Using the data that follows, output only the lines from the line with "Сумка жіноча louis" up to and including the line with "Carte D'accompagnement Rustic", exactly, leaving pictures aside.

◆ Data provided ◆
'''
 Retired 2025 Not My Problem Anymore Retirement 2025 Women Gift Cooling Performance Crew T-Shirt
'''
'''
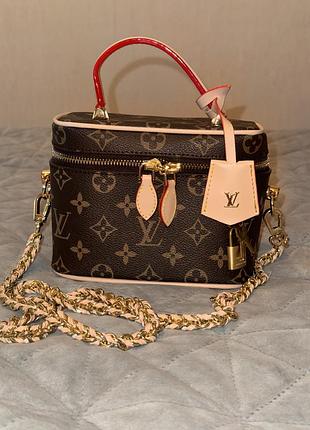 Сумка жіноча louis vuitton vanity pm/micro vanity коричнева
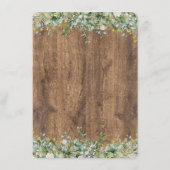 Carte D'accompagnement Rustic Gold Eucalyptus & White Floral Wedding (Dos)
'''
'''
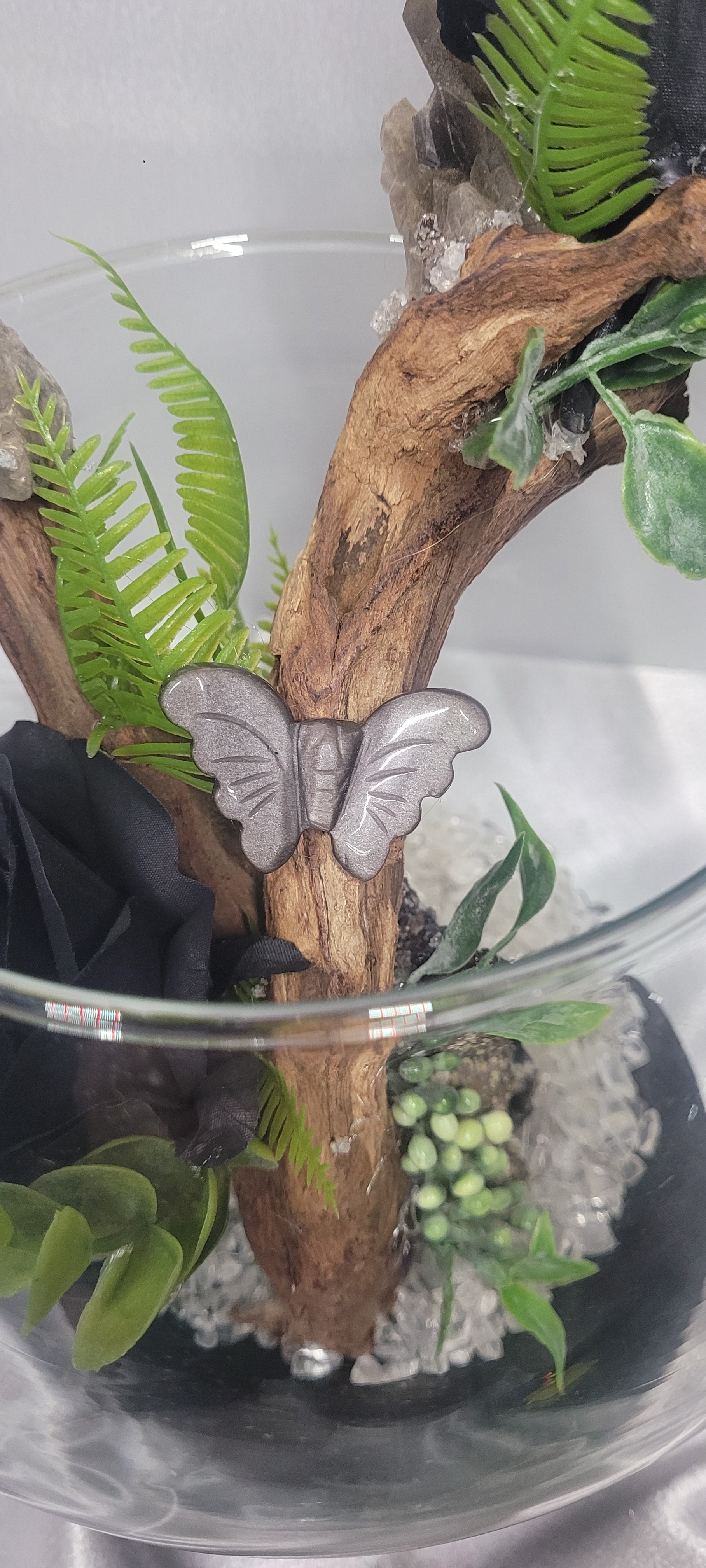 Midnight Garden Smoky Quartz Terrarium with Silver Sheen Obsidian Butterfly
'''
◆ Output ◆
 Сумка жіноча louis vuitton vanity pm/micro vanity коричнева
 Carte D'accompagnement Rustic Gold Eucalyptus & White Floral Wedding (Dos)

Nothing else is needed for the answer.